Now I have sworn complete allegiance to The Man In The Hooded Sweatshirt. I am thoroughly ashamed to have been so hard-headed as to doubt for a game, a half a quarter, a play, or even a second, the capacity of Bill Belichick, his assistants, and his players to do whatever is necessary to defeat whomever they play in anything remotely resembling a big game. They had a plan to beat the Colts, they had a plan to beat the Steelers, and they surely will have a plan to beat the Eagles and thus make themselves champions for the third time in four years.

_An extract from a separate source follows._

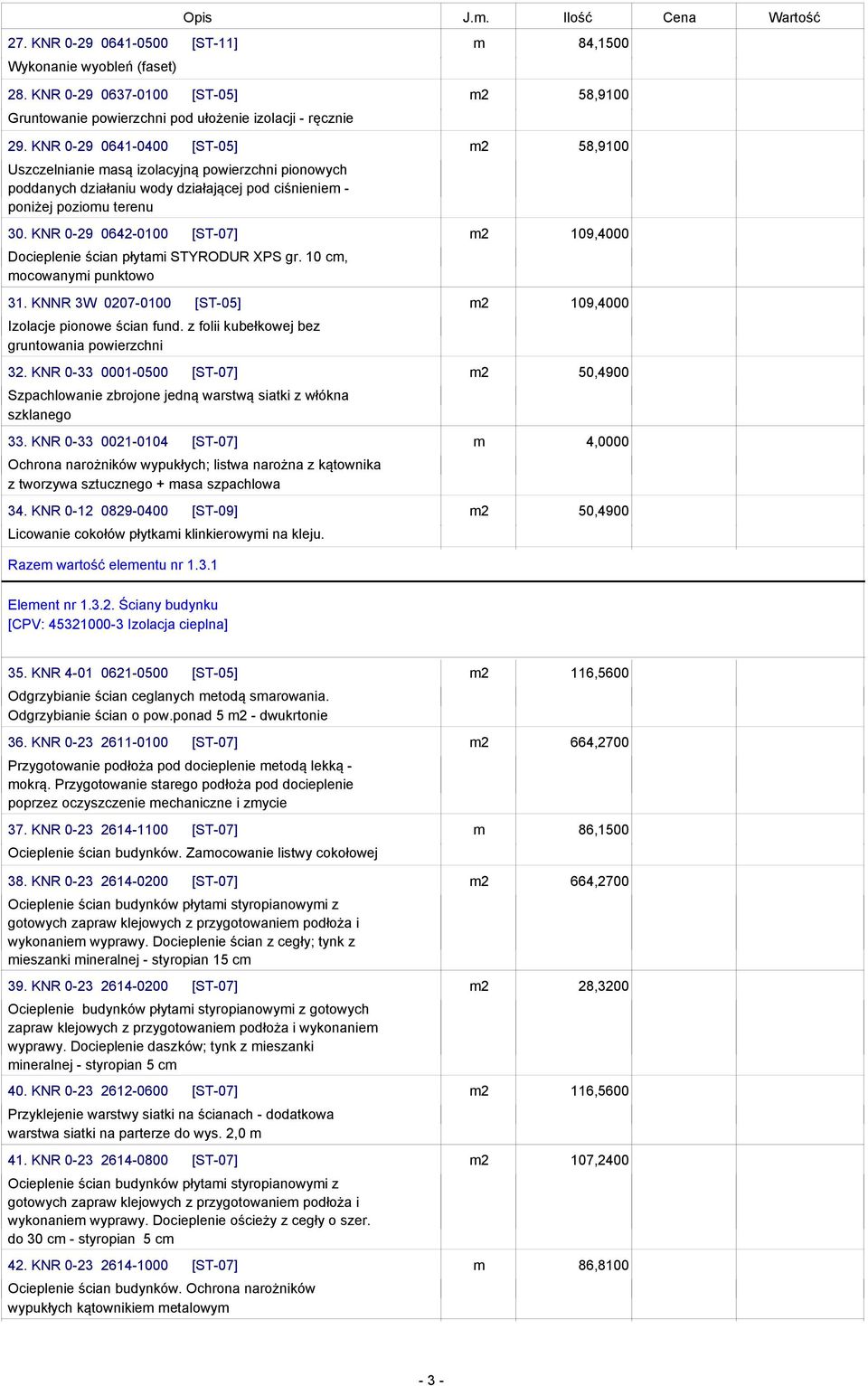 KNR 0-29 0642-0100 [ST-07] Docieplenie ścian płytai STYRODUR XPS gr. 10 c, ocowanyi punktowo 31. KNNR 3W 0207-0100 [ST-05] Izolacje pionowe ścian fund.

What we have witnessed during the past two weeks is more than just good football, good sport, or good entertainment. We have witnessed something historic. Those of you who are old enough, and who care about more than just one sport, have seen these Patriots before. It is part of the extraordinary good fortune of being a Boston sports fan at any time during the past 50 years. We have seen the Patriots before because what the Patriots have become is a modern version of the Old Celtics.

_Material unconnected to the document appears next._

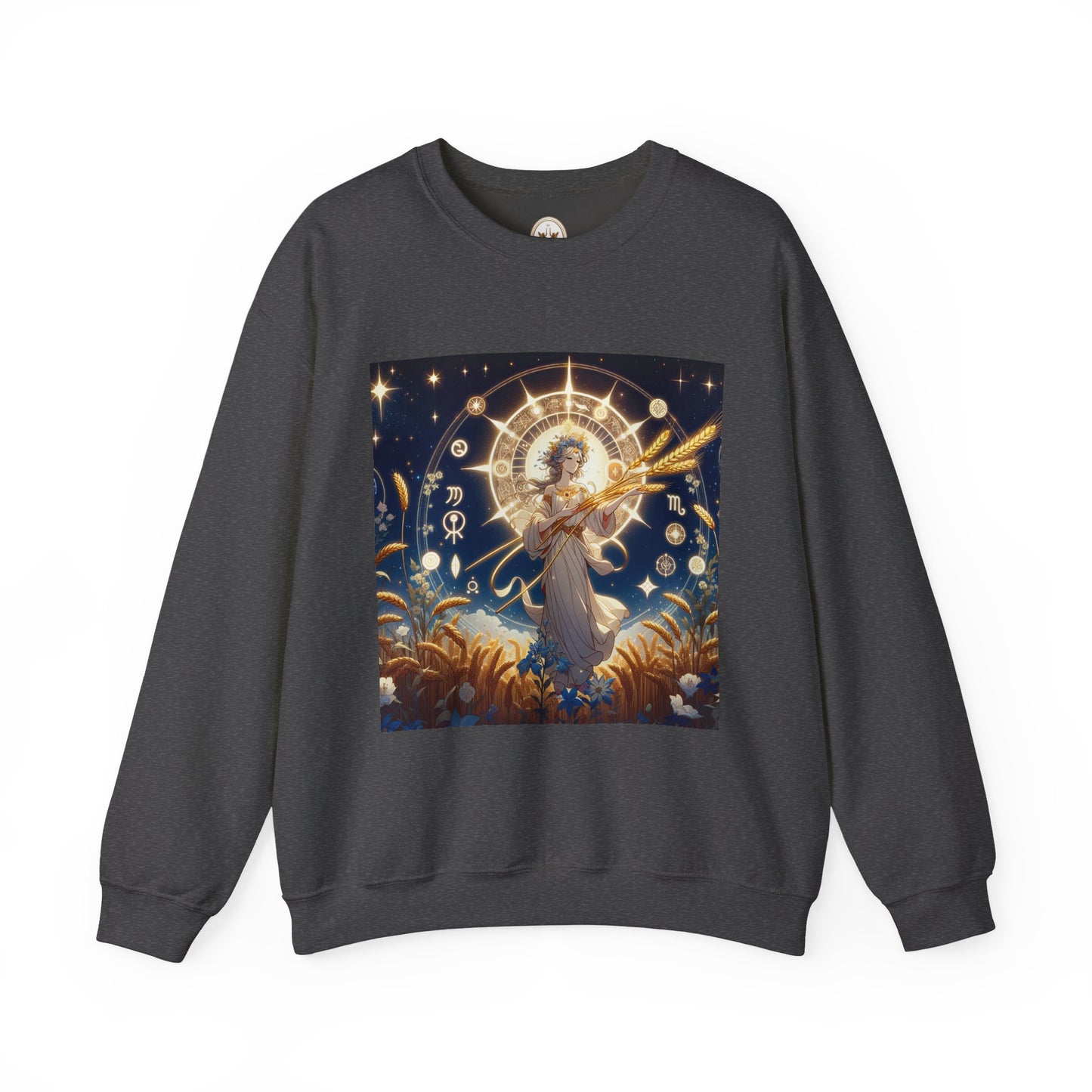 Unisex Heavy Blend™ Crewneck Sweatshirt, anime girl in wheat field, Virgo Zodiac Design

Speaking of which, The Patriarch is watching, all right.
"Oh, sure," says Red Auerbach from his Washington apartment. "I've been following the Patriots."
He never has met Belichick, but he has been studying him from afar.

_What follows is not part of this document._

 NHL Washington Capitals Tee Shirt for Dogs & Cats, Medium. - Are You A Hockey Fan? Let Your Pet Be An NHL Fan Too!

"He is obviously very, very focused," Red says. "He is clearly very bright and innovative. The players have to respect his knowledge. I'm sure that's the key to his success."
The Patriarch knows something about doing it again and again and again.
"I would start off every year the same way," he says. "I would say to them, `Did you have a nice summer?' And they'd be looking at me. I'd say, `Did you like the feeling of being on the greatest basketball team in the world?' And they'd still be looking at me. So, I'd say, `Why would you want to give that feeling up? You know what it feels like. They don't. You know how good it is. So, if you're smart, you'll play harder than ever. If they want it, make them come and get it. Don't give it to them.' That was my approach."
The Patriarch points out one essential coaching difference between his day and sport and Belichick's day and sport.
"He's got nine or 10 assistants [actually, 15]," Red points out. "They can always put their finger on what's happening on the ball club. I only had me."
That aside, The Patriarch can relate to much of what's going on with the Patriots. He can well imagine, for example, what message Belichick will be giving his team when it gets to Jacksonville.
"He'll say, `You're going down there and it will be a big party. You'll be influenced by a lot of people. There will be people telling you about endorsements and all this other stuff, and it can be a huge distraction.' He'll say, `Why did you come down here? You came down here to become the champions of football, and you can't deviate from that.' "
Belichick has saluted his team for playing its best football these past two weeks, and Red likes to hear that.
"That you can attribute to the players," he says. "In terms of motivation, that has to be on the players. You can't motivate anyone now. The coaches started doing their job in July and August, but now it's up to the players. If you have to motivate them now, they can't be motivated."
Red says it's OK with him if anyone wishes to compare these Patriots to his teams. He knows greatness when he sees it.
"You can see how these guys rise to the occasion," he notes.
So what did Coach Belichick say to Ted Johnson? It's the same thing Red would have said to John Havlicek. That's my story, and I'm sticking to it.